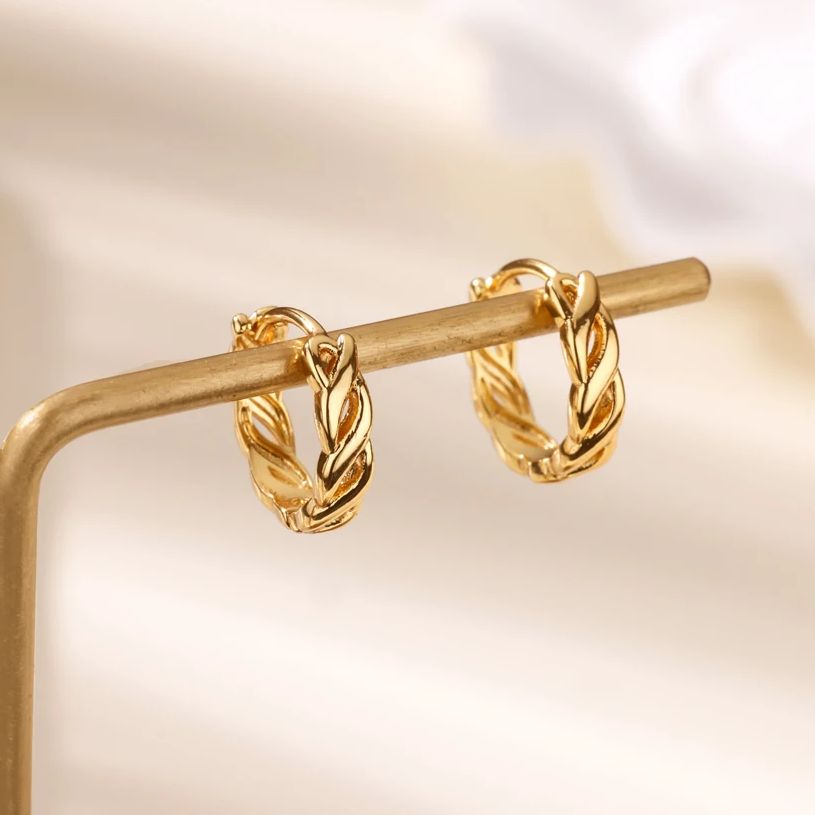 Vintage Hollow Twist Chain Hoo - Vintage Fashion Trends 2025 리뷰 및 가격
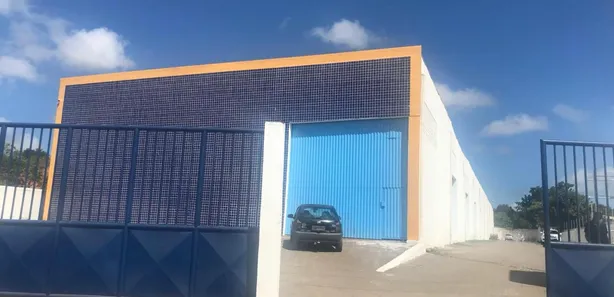 Galpão / Depósito / Armazém à venda, 2200m² no Industrial, Camaçari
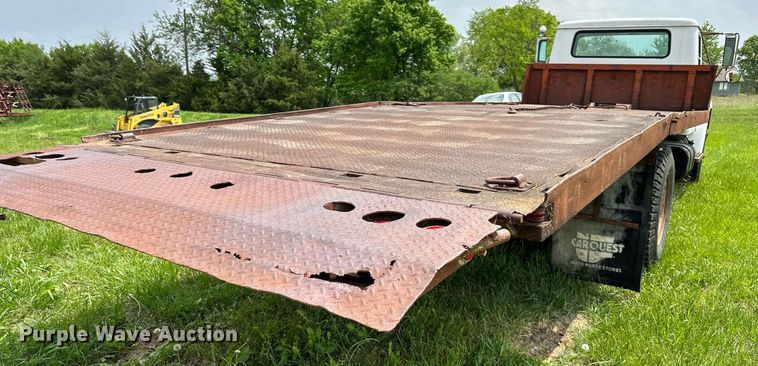 image for item DO4978 1979 International S1800  flatbed truck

PROBLEM DETAILS:
Retype all of the material above precisely as it reads. Pictures are not part of the copy.

WRITTEN REPLY:
 Vintage Hollow Twist Chain Hoo - Vintage Fashion Trends 2025 리뷰 및 가격
 Galpão / Depósito / Armazém à venda, 2200m² no Industrial, Camaçari
 image for item DO4978 1979 International S1800  flatbed truck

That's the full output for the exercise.